The Copyologist®/Consultant/Seminar Leader

Negotiating Your "Promotional Deal"

Since your goal is not to make money as a speaker but to promote your product or service, you can use the group’s lack of payment for your talk as a weapon in negotiating for concessions extra things it gives you that can help maximize the promotional value of your talk for your firm.

Here are some things you can ask for. You should get all or at least some of them, in addition to the opportunity to address the group:

• Tell the meeting chairperson you would be happy to speak at no charge, provided you receive a list of the members. You can use this list to promote your company via direct mail before as well as after your presentation.

A pretalk mailing can let people know about your upcoming talk and be a personal invitation from you to them to come. A posttalk mailing can offer a reprint or audio recording of your presentation to those who missed it.

• At larger conferences and conventions, the conference manager provides attendees with show kits including a variety of materials such as a seminar schedule, passes to luncheons and dinners, maps, tourist sights of interest to out-of-town visitors, and the like. These kits are either mailed in advance or distributed at the show.

You can tell the conference manager, "I will give the presentation at no charge, but in exchange, we’d like to have you include our company literature in the conference kits mailed to attendees. Is that possible? We will supply as many copies of our literature as you need, of course." If he or she agrees, then you get your promo mailed to hundreds, even thousands, of potential clients at zero mailing cost.

• A speech is an effective way of getting known to a particular audience (the members of the organization and, more specifically, those members who attend your presentation). But as you know, making a permanent impression on a market-segment requires a series of contacts, not a single communication.

You can easily transform a one-shot speaking engagement into an ongoing PR campaign targeted to the membership o this particular group. One way, already discussed, is to get the mailing list and do your own mailings, plus have the sponsor include your literature in their mail-out kit.

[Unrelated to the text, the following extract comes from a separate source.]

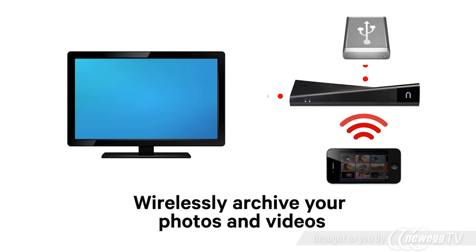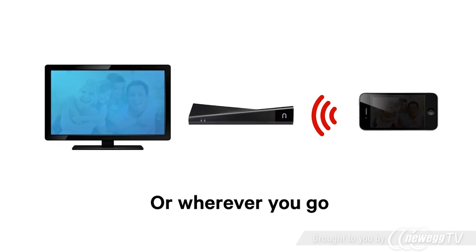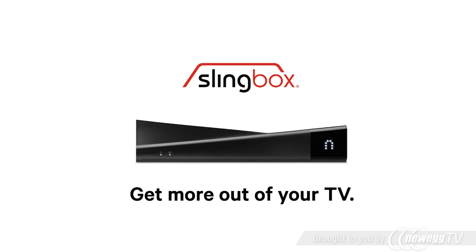And now you can wirelessly archive personal photos and videos and enjoy them on the big screen at home or wherever you go. Get more out of your TV with the top-of-the-line Slingbox 500.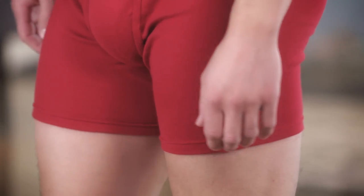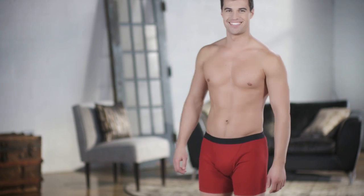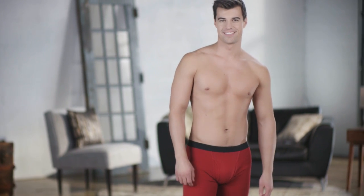And we're so sure you'll love it, we made it in a variety of other styles like briefs, fashion briefs, and boxers for all your different looks and fits.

Another is to get one or more PR placements in the organization’s newsletter or magazine. For instance, tell the meeting planner you will supply a series of articles (your current press releases and feature articles, recycled for this particular audience) to run in the organization’s newsletter before the talk; this makes you known to the audience, which is good PR for your firm but also helps build interest in attending your program.

After your talk, give the editor of the organization’s newsletter the notes or text of your speech, and encourage him or her to run all or part of it (or a summary) as a posttalk article, so those who could not attend can benefit from the information. Additional articles can also be run as follow-ups after the talk to reinforce your message and provide additional detail to those who want to learn more, or to answer questions or cover issues you didn’t have time to cover.

• If the editor will not run a resource box with your phone number with the articles, talk to the meeting planner about getting some free ads for your product or service. For a national organization that actually charges for ads in its magazine, the value of your free ad space should be approximately twice what your fee would be if your were charging for your talk.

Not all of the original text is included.